Selling a clunker

My friend Rudy Boschwitz was United States Senator from Minnesota from 1976 to 1991. I told a little bit of his story and expressed my high regard for him in the Standard column “The ambassador nobody knows.” Unlike so many defeated congressional officeholders who never return to their ostensible homes after leaving office, Boschwitz returned to the Twin Cities to work in the family business that he founded.

Last week Rudy teamed up with Minnesota’s Democratic former First District (Mayo Clinic) Rep. Tim Penny for an Investor’s Business Daily column on government-run health care. The IBD editors thought so highly of the column that they ran it twice, the second time “because of the importance of the information provided and also so it will be seen by [their] weekend-only readers.”

The column compiles information on the explosive growth in the cost of government-run health care. “ObamaCare plans to expand the government’s role in insuring the American people,” Boschwitz and Penny write. “The government is already the largest insurer in the health care business through Medicare. We are now told ObamaCare will save money.”
How did it work out with Medicare? “Medicare rose from $5.1 billion in 1968 to $436.0 billion in 2007 an astounding increase of 85.5 times over the 40-year period.” They ask whether Obamacare will do better and recall the famous Medicare projection of the cost of Medicare made by the government at the inception of the program:

Beware of government estimates about the future cost of ObamaCare. When Medicare was being considered in the mid-1960s, the government projected that the outlays for the program 25 years down the road would be $10 billion. Instead, in 1990, 25 years later, the outlays were $107 billion. Government estimates were off by a factor of more than 10!
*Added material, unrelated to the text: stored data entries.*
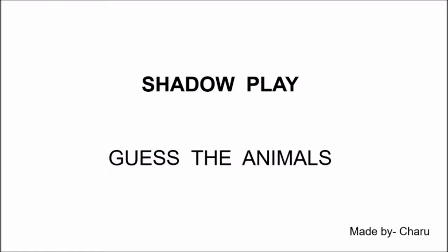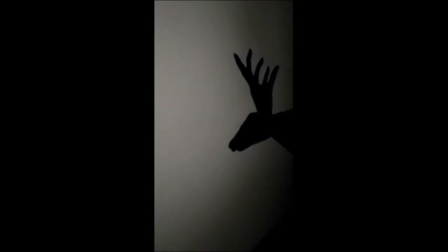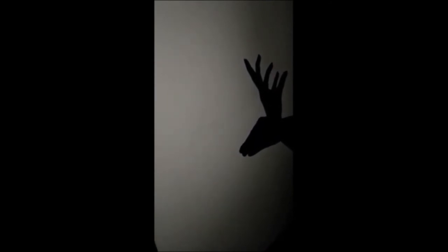So here is the first shadow. Can you guess what animal is it? I am showing you its shadow. Guess from the shadow. What animal is it children? Guess, guess, guess. Yes, it's a deer.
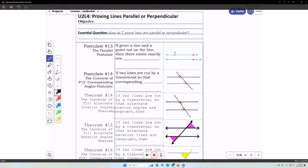This lesson will be on proving lines parallel or perpendicular. I'm going to go over some postulates and theorems, and then we'll go ahead and apply these theorems to a situation.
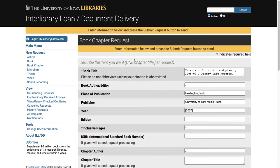You'll be routed to Interlibrary Loan, so double-check the form and make sure it has all the information you need to include.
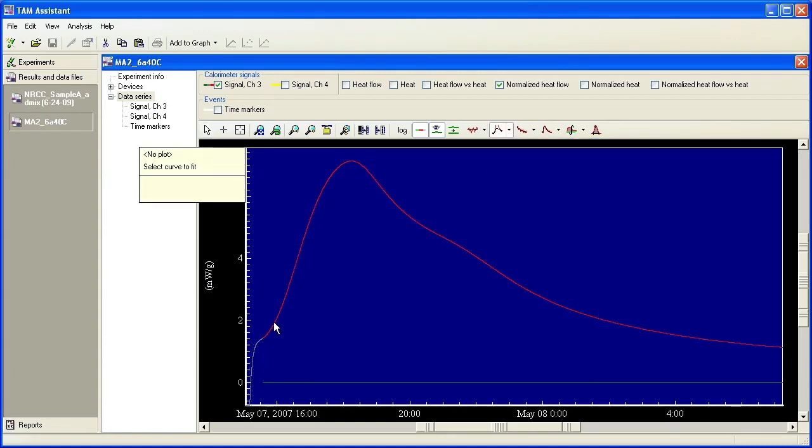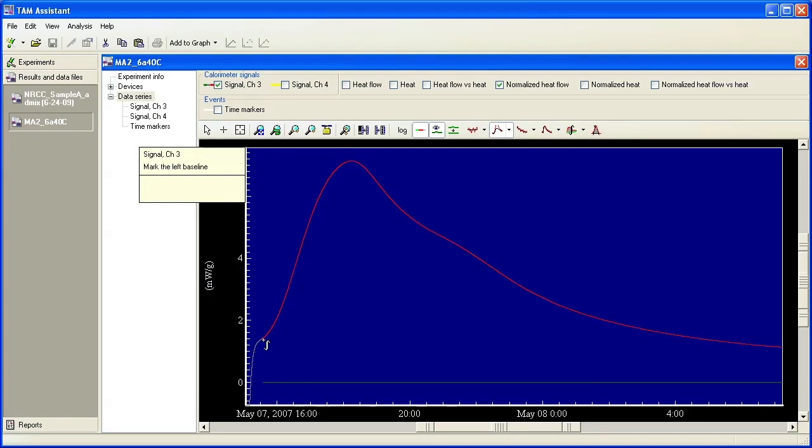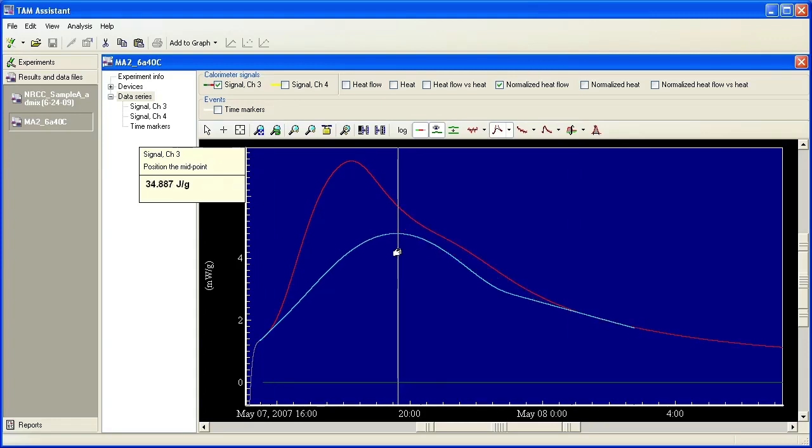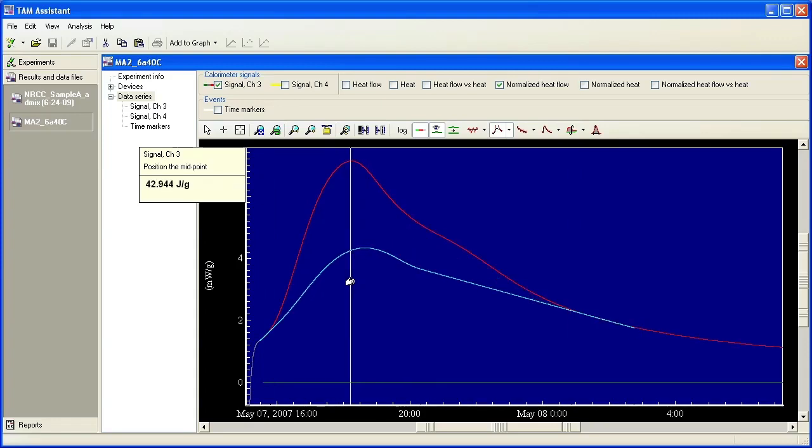I'm going to select the curve and then it says mark left baseline and I'm going to mark right baseline and you see I have this odd sigmoid. So I'm just going to kind of move it. It's not really the ideal curve here, but I'm just showing the operation.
Medicaid, the other large medical program currently in effect, outdid Medicare. Medicaid outlays in 1968 were $1.8 billion. In 2007 they had risen to $190.6 billion, an increase in dollar terms of 105.9 times.
And that is only the Federal outlay number. There is a roughly equal Medicaid amount spent by the states due to federal mandates.

Without those mandates we would not be reading about the large deficits that most states endure.
The idea of expanding the federal role in the medical arena is truly fiscally irresponsible. The claim that money will be saved through government competition with the private insurance system (with government setting the rules!) is the height of fantasy.

The Cash for Clunkers program presents a case study in a program of limited duration and capped cost with respect to which the government has been unable to estimate the effect of altered incentives or to make accurate projections. You’d think someone would get a clue. Selling Obamacare on the proposition that it will increase the quality of medical care while reining in the growth of the federal budget is an epic con job.